Set down, exactly as they stand, the lines from the one containing "Forever 21 hotsell blue leggings" through the last line of the records below, leaving every picture out.

**** Material to process

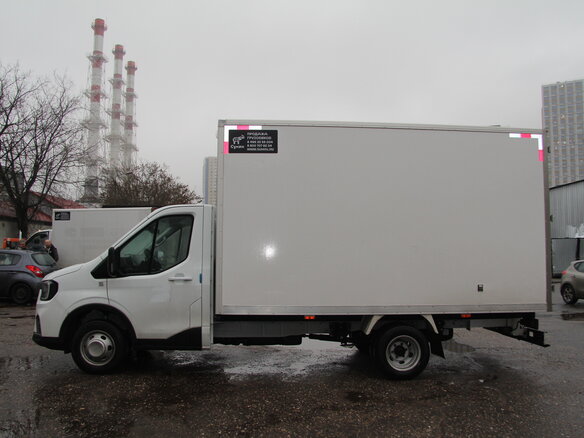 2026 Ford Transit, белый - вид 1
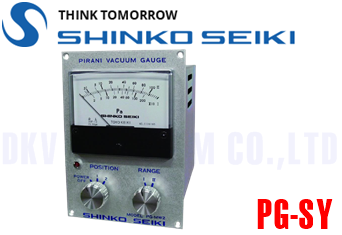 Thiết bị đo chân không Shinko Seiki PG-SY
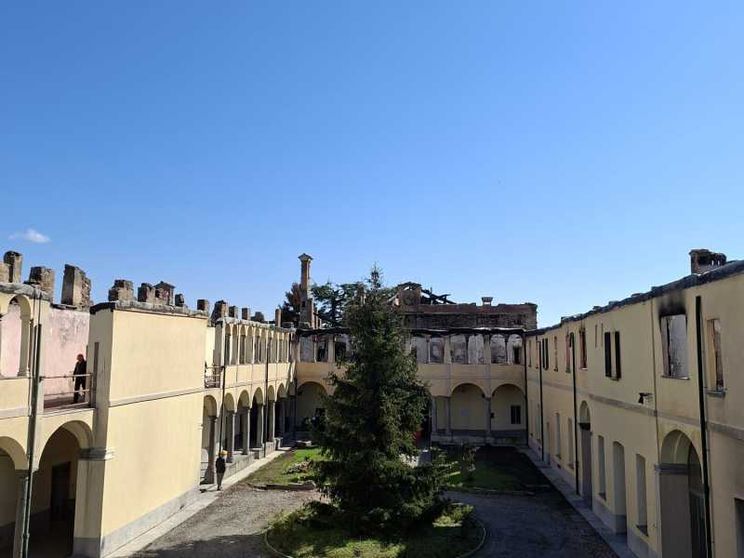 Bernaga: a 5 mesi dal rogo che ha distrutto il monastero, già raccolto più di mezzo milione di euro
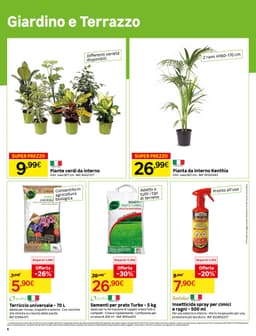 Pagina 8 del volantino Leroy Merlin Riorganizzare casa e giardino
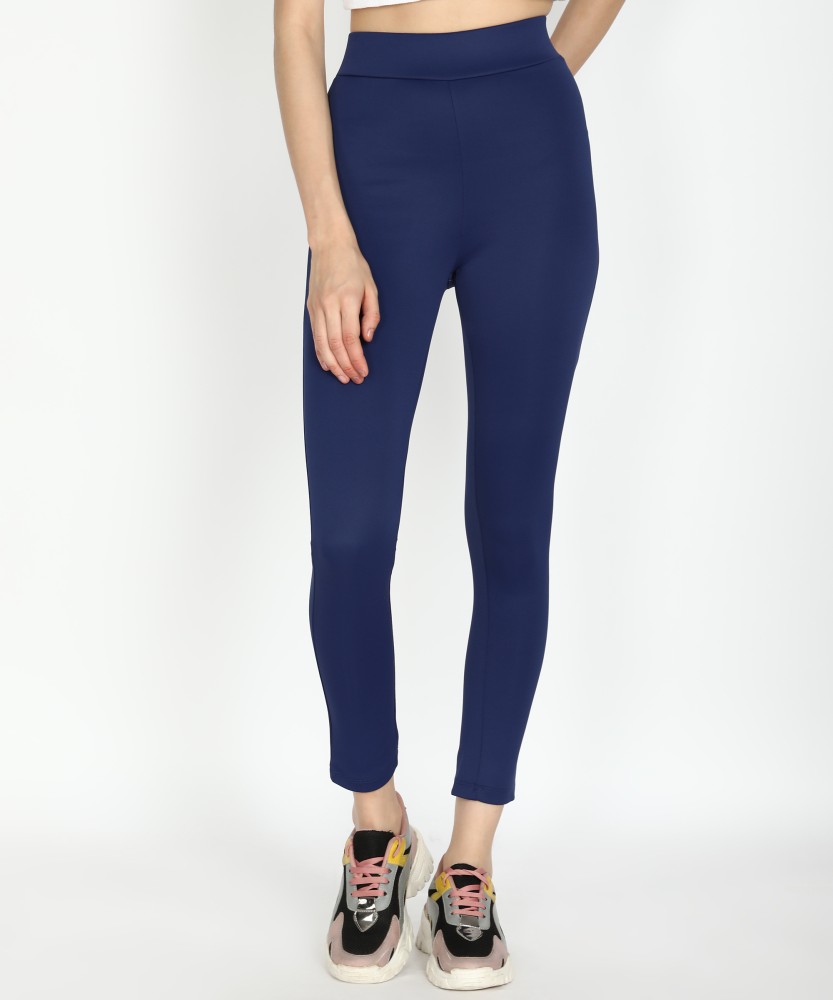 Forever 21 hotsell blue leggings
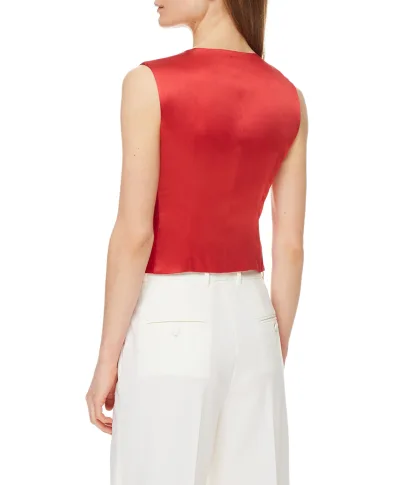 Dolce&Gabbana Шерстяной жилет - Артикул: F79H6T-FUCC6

********

**Response to this task:**
 Forever 21 hotsell blue leggings
 Dolce&Gabbana Шерстяной жилет - Артикул: F79H6T-FUCC6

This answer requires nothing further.